Second: The random plug for the game trading store was golden. This is the first review in a while that I actually had to re-watch because I laughed so hard that I missed specific points. I saw a post do this earlier, but I want to reiterate their comments in the hopes of emphasizing them even more: congratulations, even after so many videos, the quality remains fairly high. By internet standards, ZP has been around for a long, long time now and its definitely something to be proud of at this point.

Third: I feel a bit guilty now. While I've always been above e-mailing the man personally, taking in good faith that he reads comments/his own forum, I do feel a bit guilty for publicizing that he has the game and has played it. Australiangamer.com publicized this as well in one article and one podcast.

So it was probably more than the usual 1,000 e-mails saying, "Review this game!" It was also that many fans KNEW he had, KNEW he had played, and couldn't see why he wouldn't review it.

Fourth: I was not surprised. From what I've been reading, this game was not received well by non-fan boys. I strongly suspected, when I saw the first videos of game play, that Brawl was going to be to Melee what Melee was to the original--I posted that view exactly a while ago. Namely, they stripped more of the clarity out in favor of screen shaking, particle effects, super big levels with huge zoom-outs, and adding even more complexity to controls.

Overall, the "Melee effect" on the original put it further from the hands of casual gamers, and it seems that the Brawl effect will continue this tradition.

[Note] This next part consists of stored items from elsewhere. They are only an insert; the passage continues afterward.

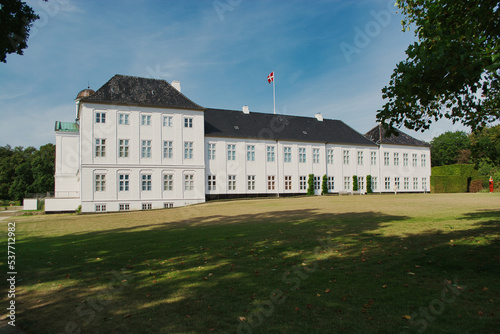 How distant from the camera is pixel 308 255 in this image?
804cm

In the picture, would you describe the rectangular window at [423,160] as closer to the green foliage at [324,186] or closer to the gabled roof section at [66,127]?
the green foliage at [324,186]

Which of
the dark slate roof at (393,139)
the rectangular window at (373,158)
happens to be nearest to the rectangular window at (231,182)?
the rectangular window at (373,158)

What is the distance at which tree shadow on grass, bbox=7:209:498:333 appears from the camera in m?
4.59

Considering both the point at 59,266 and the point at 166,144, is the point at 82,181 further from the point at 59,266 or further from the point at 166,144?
the point at 59,266

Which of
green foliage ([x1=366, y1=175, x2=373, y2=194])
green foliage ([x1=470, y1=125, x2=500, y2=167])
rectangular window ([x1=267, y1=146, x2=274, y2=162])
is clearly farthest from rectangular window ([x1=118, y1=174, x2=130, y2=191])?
green foliage ([x1=366, y1=175, x2=373, y2=194])

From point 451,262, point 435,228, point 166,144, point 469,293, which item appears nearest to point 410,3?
point 435,228

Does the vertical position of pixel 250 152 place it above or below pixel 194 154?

I happen to be the N64 versions biggest fan, and my friends and I (edit: I definitely DID NOT play that much on my own... oh no.) logged something like 10,000 total KOs over the last summer (before some dick-hole friends deleted my versus record). Countless hours -- usually at least three or four hour streaks at a time.

I first hand saw that if you put the controller in the hands of someone who had literally never played before, told them what they needed to do, then in 5-6 matches they could be competing on a fairly level playing field. Not amazingly, and they would rarely finish first, but they could do some things. Someone mentioned this earlier--the learning curve is a little steep, but once you have the basics the rest comes pretty easy.

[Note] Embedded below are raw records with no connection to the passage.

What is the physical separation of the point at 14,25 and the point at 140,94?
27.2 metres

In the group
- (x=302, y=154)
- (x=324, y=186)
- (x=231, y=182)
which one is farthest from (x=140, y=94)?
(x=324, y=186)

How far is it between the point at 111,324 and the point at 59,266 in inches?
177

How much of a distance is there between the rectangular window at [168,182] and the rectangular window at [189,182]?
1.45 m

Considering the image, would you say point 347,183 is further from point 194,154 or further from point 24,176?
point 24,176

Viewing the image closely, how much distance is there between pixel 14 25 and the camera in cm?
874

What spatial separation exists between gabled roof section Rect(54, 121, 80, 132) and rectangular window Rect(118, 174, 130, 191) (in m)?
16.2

Fifth: It isn't a button mashing game -- even less so than many more traditional fighting games. Any game where 4 people who don't know what the hell they're doing play together is a button mashing game. Could you imagine 4 people who have never played playing Team Fortress 2? I'm sure it'd look like a joke.

On that note, these videos show, I think, that a button masher stands no chance against someone who has been playing for a while:

http://www.youtube.com/watch?v=QMUM6KIB8_c
http://www.youtube.com/watch?v=ZtNQA8U2GDA
http://www.youtube.com/watch?v=GY5393IBnDU&feature=related
http://www.youtube.com/watch?v=hyk1R69fGkw&feature=related <-- MARY, MOTHER OF GOD!*
http://www.youtube.com/watch?v=NVbXWcsD0Hs&feature=related

*25 seconds in is crazy.
*1:05 is even crazier.

There are definitely different levels of skill associated. To call it button smashing is silly. I feel like Yahtzee is criticizing fighting games in general, that he may consider them all button mashing. And that's silly. That's like me saying that half-life is just like any other PC shooter, where you just mindlessly point and click at things on a screen.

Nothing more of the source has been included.